Risoldi suspected her family was under investigation for the fires at the 10-acre estate they called Clairemont. She wanted to suggest what Mazaheri might tell a grand jury if called as a witness, Mazaheri said.

Mazaheri, a lawyer, said she told Risoldi it would violate her professional duty to lie. That's when Risoldi exploded into a rage, according to Mazaheri.

"Why . . . do you keep telling me you're an officer of the court?" Risoldi yelled across the kitchen table, Mazaheri told a judge Monday.

Her testimony came on the first day of what is expected to be a nearly weeklong preliminary hearing in Bucks County Court.

The Risoldis, well-connected local Republican fund-raisers, are accused of bilking insurers out of $20 million to fund their extravagant lifestyle, then attempting to intimidate witnesses when a grand jury began looking into the legitimacy of those payouts.

Defense attorneys have argued, among other things, that the payouts were legitimate and approved by the insurers' own investigators. They also sought to point out that Mazaheri, an alleged victim of witness intimidation, never told police or prosecutors about feeling threatened.

Risoldi, four relatives, and two others were charged in January with conspiracy, fraud, and other felonies. Risoldi's husband, Thomas French, was among the defendants, but he killed himself in February, writing in suicide notes that he was innocent but overwhelmed by pressure.

After the preliminary hearing in Doylestown, Magisterial District Judge C. Robert Roth will decide if there's enough evidence against each defendant to proceed to a trial. Defense attorney Jud Aaron said he does not expect any family members to testify during the preliminary hearing.

Earlier Monday, emergency personnel recounted the 2013 fire scene. Timothy Johnson, of the Buckingham Police Department, testified that members of the Risoldi family were sobbing in the driveway as smoke billowed from the mansion's attic windows that fall afternoon.

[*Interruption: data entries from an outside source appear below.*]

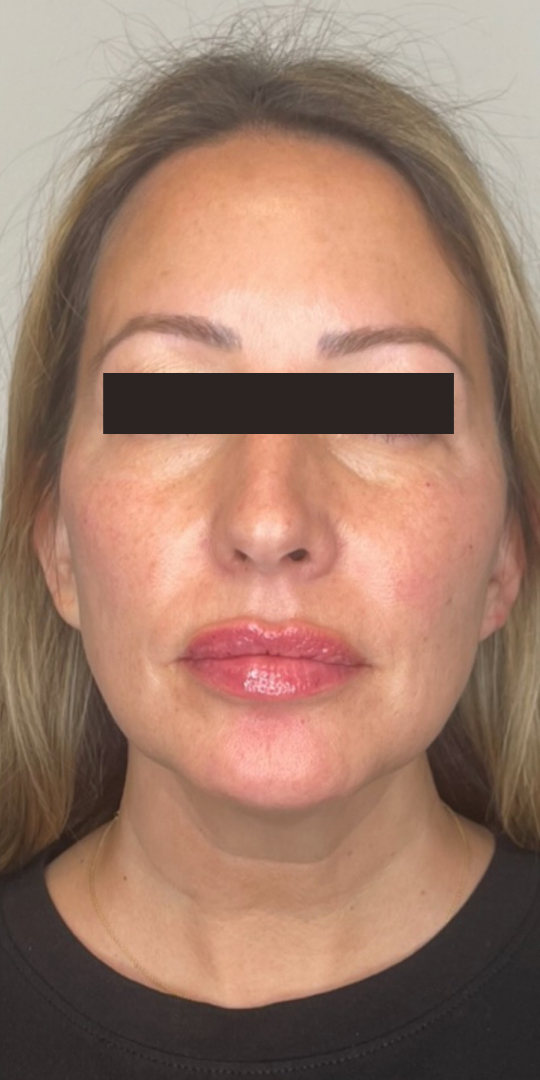 After Image: Lip & Cheek Filler - front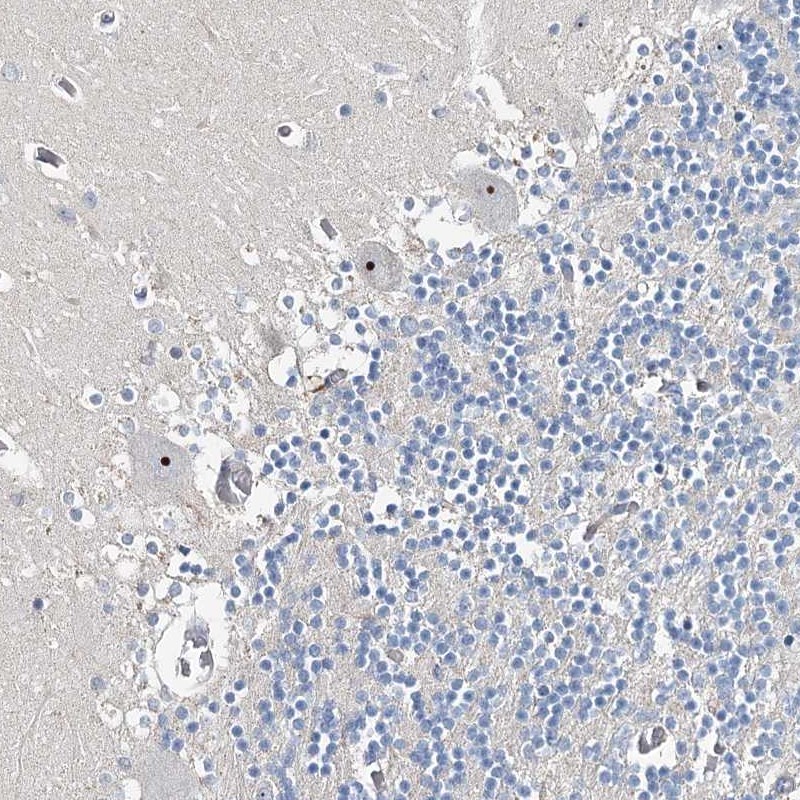 Anti-RBM43 Antibody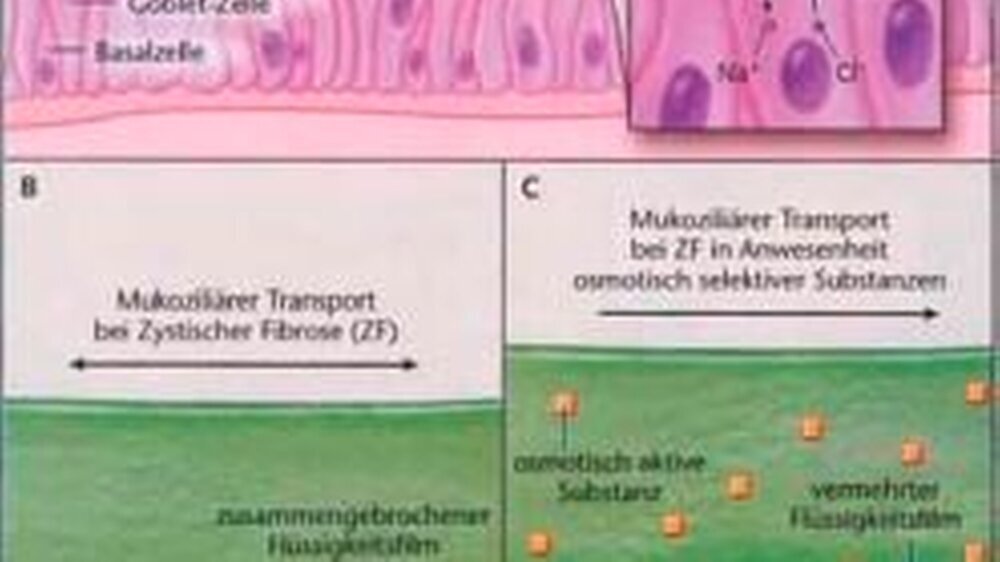 Abbildung 1: Mukoziliärer Transport in den Atemwegen gesunder Menschen beziehungsweise von Patienten mit ZF vor und nach Applikation von osmotisch aktiven Substanzen wie Kochsalz.\r\n(Quelle: Ratjen, NEJM 2006)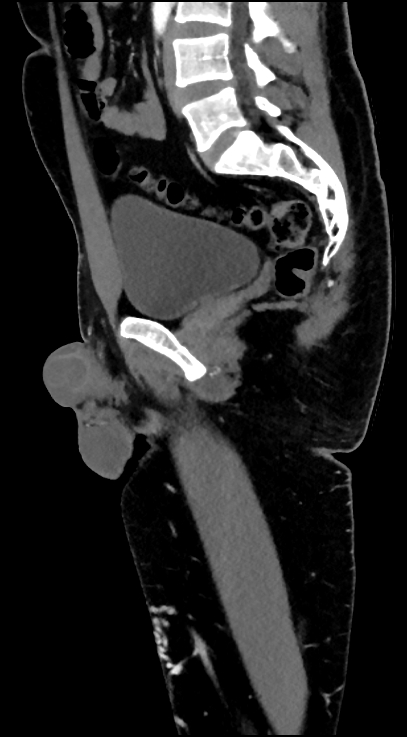 Normal pelvis CT angiogram (Radiopaedia 84966-100481 C 59).jpg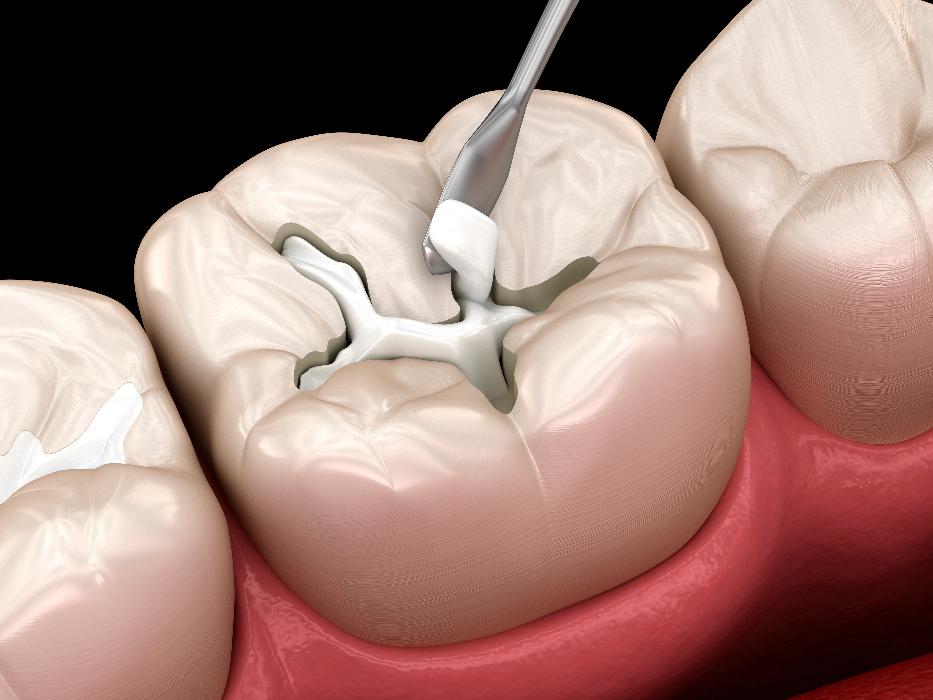 tooth getting filled | tooth filling parramatta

Claire Risoldi even fainted, he said. But since this was not the only recent fire at the 5,600-square-foot home, Johnson asked a paramedic if Risoldi's fainting was real or an act.

In questioning witnesses, defense attorneys sought to point out that the causes of all three fires - in 2009, 2010, and 2013 - were ruled "undetermined," and never classified as arson.

The defendants sat quietly behind their lawyers in the courtroom, occasionally passing them notes. Claire Risoldi, wearing stilettos and donning all black, traded friendly waves with a few members of the small audience throughout the day.

Through their lawyers, the family declined to comment.

Several attorneys have said they hope the proceedings will ultimately result in their clients being dropped from the case.

Prosecutors and defense attorneys agree that testimony will likely last until at least Thursday.